Just the opposite where I'm at. The CR1's have been the only shining star in our our shop. We can't give the Alum's away. It just seems that on test rides the Scott Alum's aren't as appealing to the consumers. We have the S1 and S3 marked down--even then the peeps still pay more for other models with the same equipment. That being said most of the time they are choosing a Cannondale Caad 7 or Caad 8 frame and I'd have to say Cannondale has plenty of experience and knowhow in the Alum frame biz.......


----------



## Jared

teoteoteo said:


> Just the opposite where I'm at. The CR1's have been the only shining star in our our shop. We can't give the Alum's away. It just seems that on test rides the Scott Alum's aren't as appealing to the consumers. We have the S1 and S3 marked down--even then the peeps still pay more for other models with the same equipment. That being said most of the time they are choosing a Cannondale Caad 7 or Caad 8 frame and I'd have to say Cannondale has plenty of experience and knowhow in the Alum frame biz.......

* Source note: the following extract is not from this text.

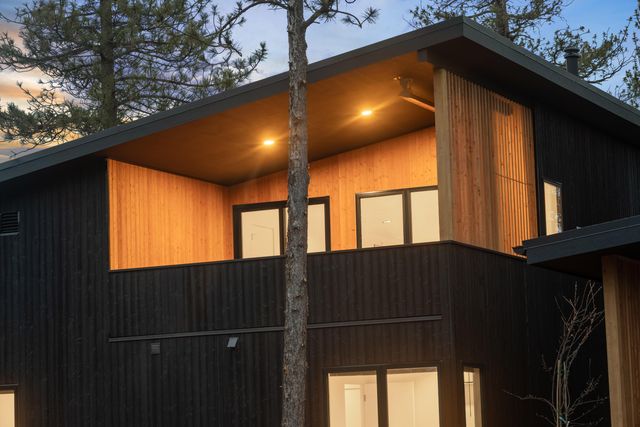 631 N Sisters Woodlands Way Way, Sisters, OR 97759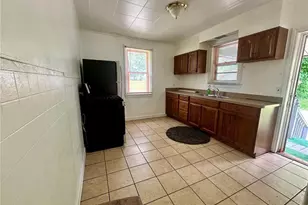 511 Woodland Ave, Elyria, OH 44035 - Photo 3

What the heck Cannondales are great too! Very nice frames but i have yet to ride one yet. And CR1s are the best of Scott , but i just don't have the money to buy one. Maybe i would buy the frame next year.


----------



## steel515

is the scott speedster ride very harsh for aluminum?


----------



## Chris Oz

steel515 said:


> is the scott speedster ride very harsh for aluminum?


Just rode one today. The carbon fibre rear end seems to soak up the road nicely. Overall its a nice confortable ride, it is not going to set your world on fire if you are after a twitchy, light race frame, but a good ride in general. I also test rode a C'dale R700, some over priced Cinelli, an Argon 18, and a Trek 1500. In my view it was the most laid back and confortable of all the bikes. Its a good price, but I am not sure it set my world on fire. I liked the C'dale and the Argon 18. Something about the Trek doesn't suit me, I have long arm and I felt cramped.


----------



## danielhaden

teoteoteo said:


> Just the opposite where I'm at. The CR1's have been the only shining star in our our shop. We can't give the Alum's away. It just seems that on test rides the Scott Alum's aren't as appealing to the consumers. We have the S1 and S3 marked down--even then the peeps still pay more for other models with the same equipment. That being said most of the time they are choosing a Cannondale Caad 7 or Caad 8 frame and I'd have to say Cannondale has plenty of experience and knowhow in the Alum frame biz.......


No problem. Yes, it seems tough to put Cannondale's bling against Scott's simplicity at roughly the same performance levels, but here's how to sell the Scott aluminum. . .

Scott Speedster's advantages allow the heavy rider and the older rider to get onboard a high-class bike. There will not be equipment failures or back pain. The Speedster is tougher and it is more upright than its competition. This, with no loss of speed. 

The heavy rider can get a 105 bike without carbon seat stays and with a double-strength front fork. DO have your boys tension up the rear wheel if the buyer is heavy or extremely strong. Those, and most every road wheel are calibrated for 150 pound riders. For the VERY heavy rider, reduce the stem length to 90mm with a flat or down-pointed stem. Consider Serfas SECA RS tires for the 250 pound riders or Rivendell Ruffy Tuffy for the much heavier riders. This will restore the shock absorbing that is lost by tensioning up the wheel, and it will protect the frame and rider. 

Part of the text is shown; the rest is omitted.